[[ DATA SHOWN, beginning ]]

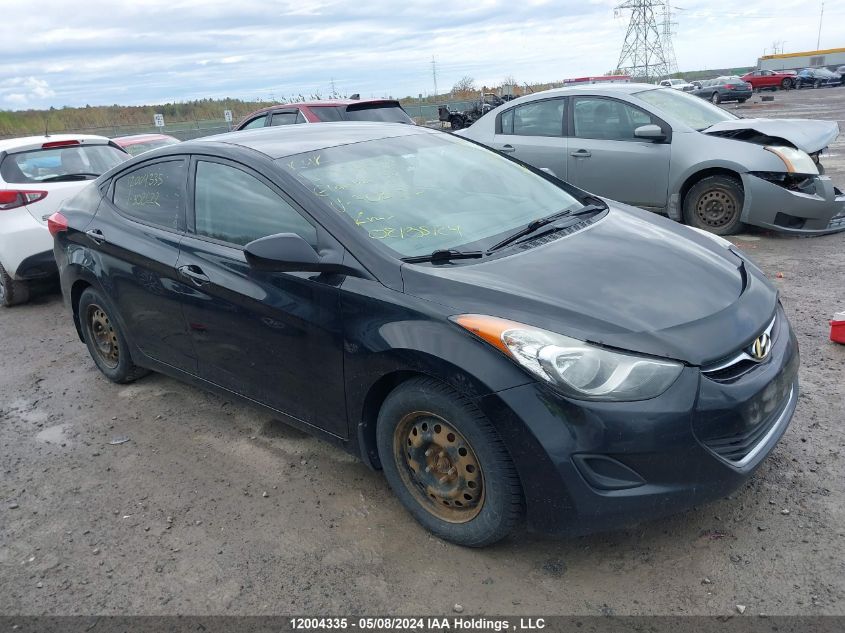 2013 Hyundai Elantra L VIN: 5NPDH4AE2DH302622 Lot: 12004335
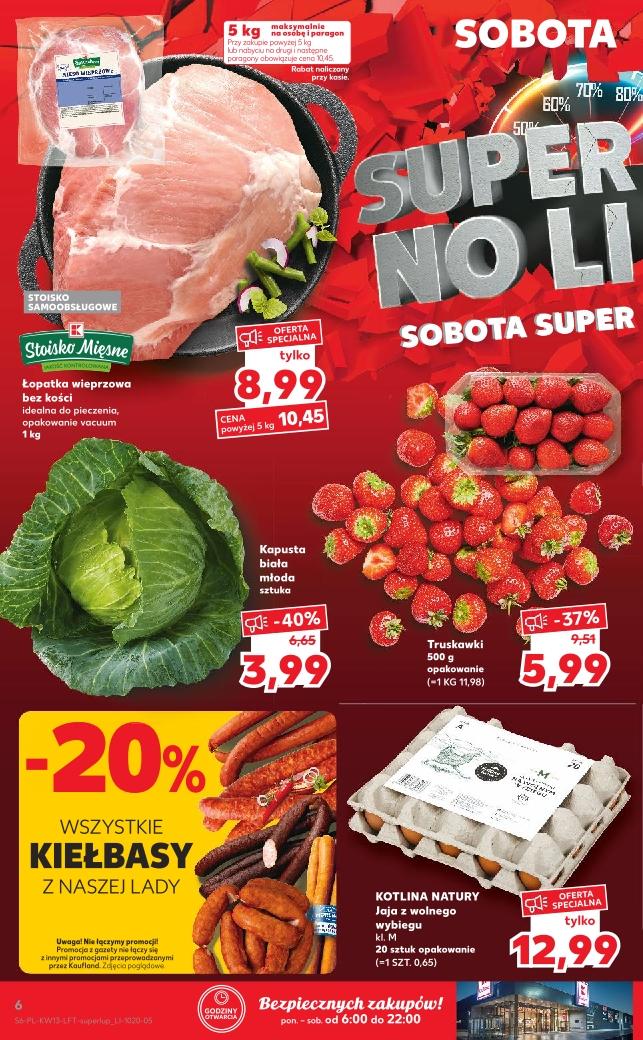Gazetka promocyjna Kaufland str. 6
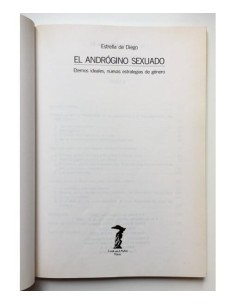 EL ANDRÓGINO SEXUADO 2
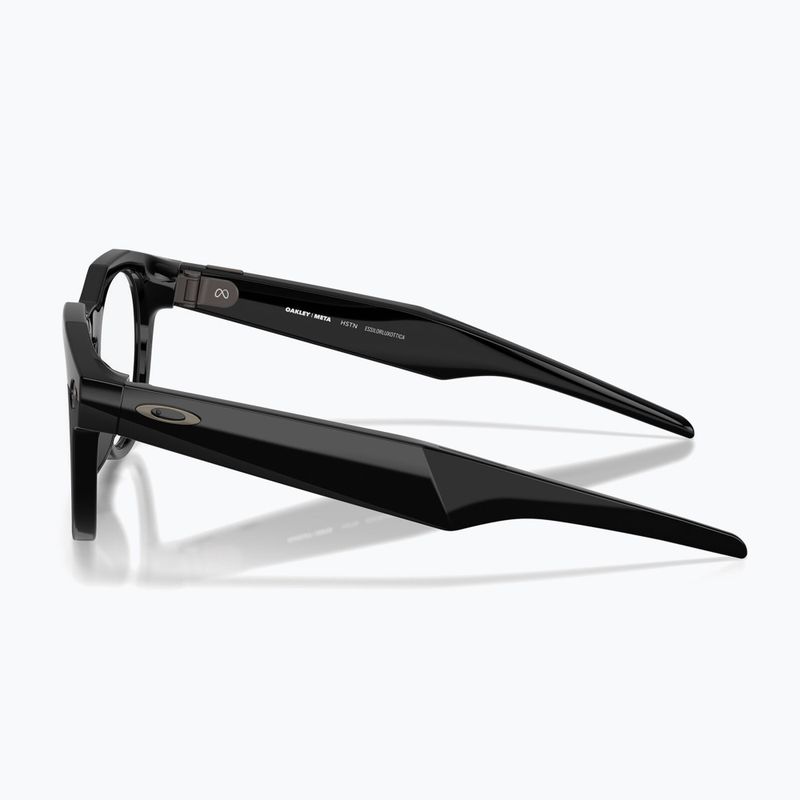 Akiniai su kamera Oakley Meta HSTN black/clear 6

[[ DATA SHOWN, end ]]

Leave every picture out, and reproduce exactly the lines from the line bearing "EL ANDRÓGINO SEXUADO 2" through the closing line of the material above.

 EL ANDRÓGINO SEXUADO 2
 Akiniai su kamera Oakley Meta HSTN black/clear 6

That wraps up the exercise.